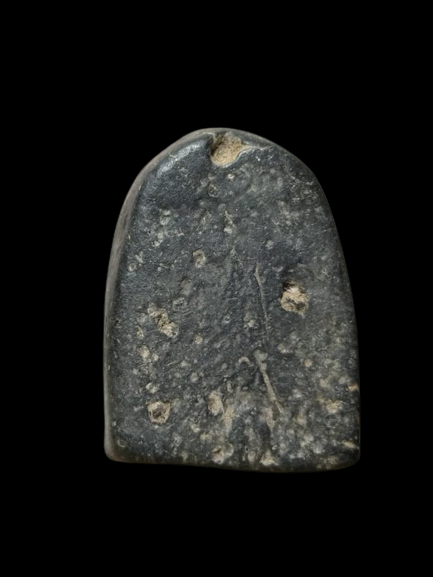 D212 พระซุ้มกอดำ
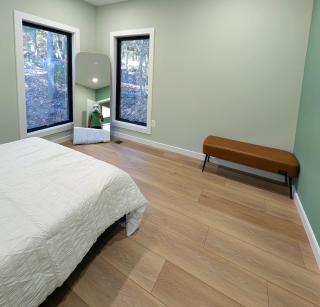 Cozy 2-bedroom cabin in welcoming Shenandoah, Basye with WiFi, AC, EV - Mount Jackson - 7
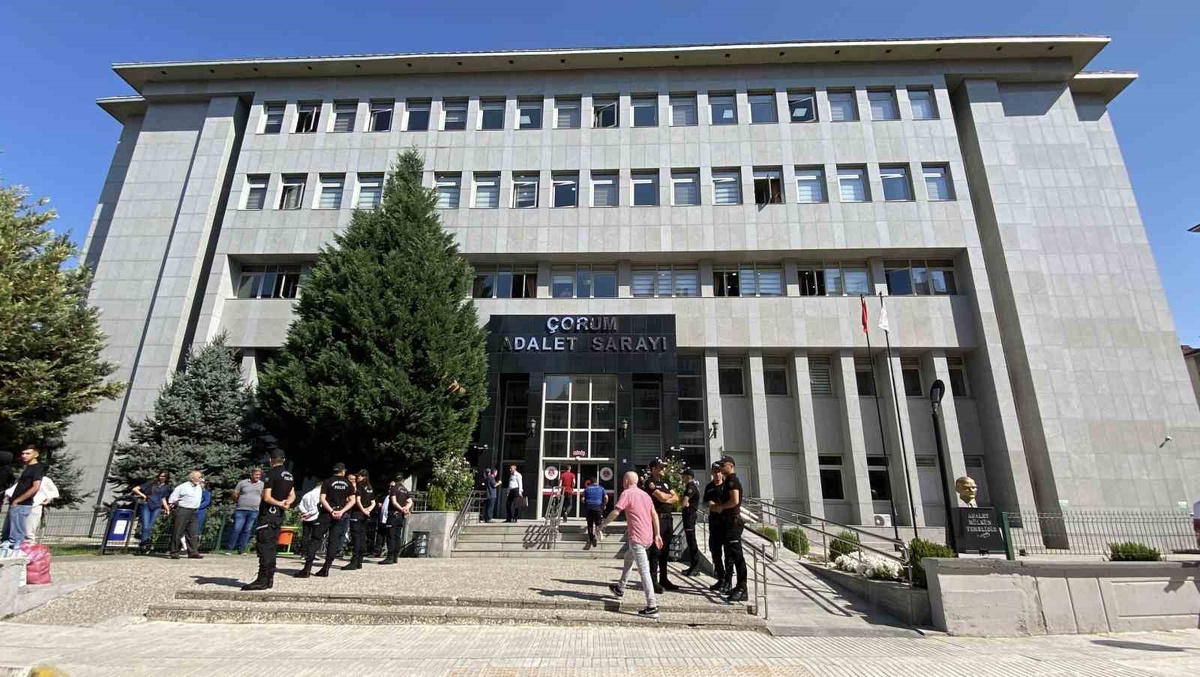 Define Ararken Mahsur Kalan Kişinin Ölümünde 3 Tutuklama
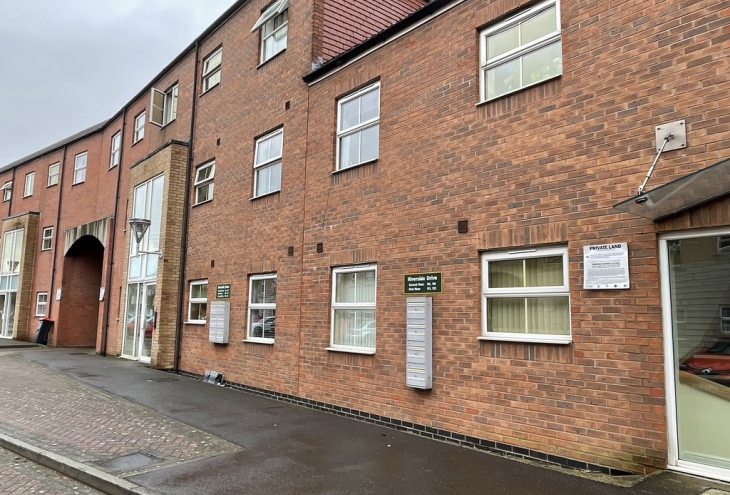 117 Riverside Drive Lincoln LN5 7PB Image 1 - King and Co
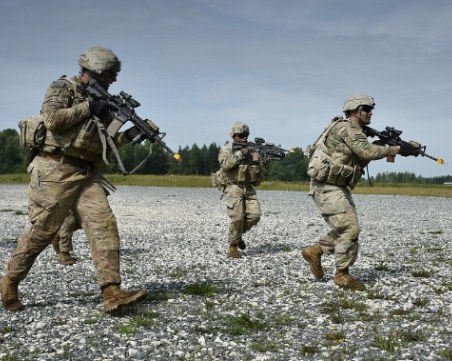 Елитният корпус на Ислямската революция провежда обучения в Западен Иран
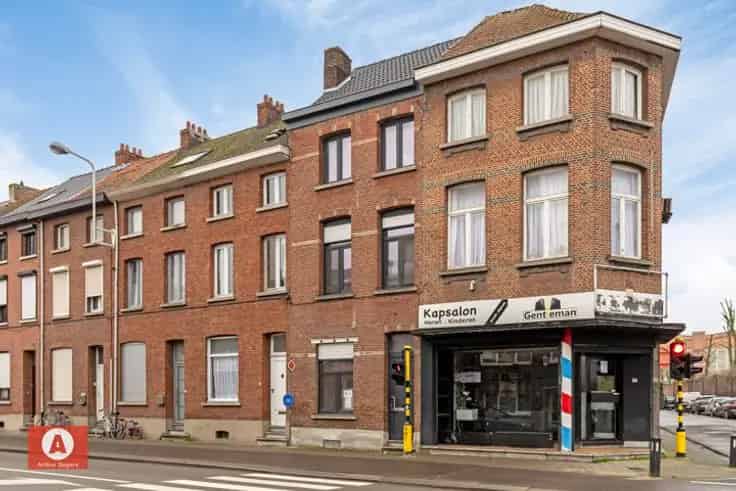 Herenhuis Mechelen Te renoveren 147m²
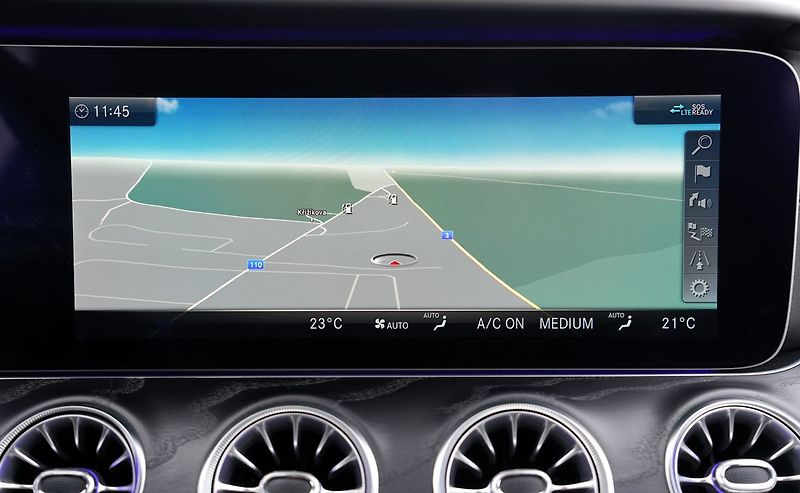 Mercedes-Benz Třídy E E 53 AMG 4Matic+/440PS - fotka 45 z 49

---

Problem statement ▸
Will you restate every entry word for word and omit the images?

Written solution ▸
 D212 พระซุ้มกอดำ
 Cozy 2-bedroom cabin in welcoming Shenandoah, Basye with WiFi, AC, EV - Mount Jackson - 7
 Define Ararken Mahsur Kalan Kişinin Ölümünde 3 Tutuklama
 117 Riverside Drive Lincoln LN5 7PB Image 1 - King and Co
 Елитният корпус на Ислямската революция провежда обучения в Западен Иран
 Herenhuis Mechelen Te renoveren 147m²
 Mercedes-Benz Třídy E E 53 AMG 4Matic+/440PS - fotka 45 z 49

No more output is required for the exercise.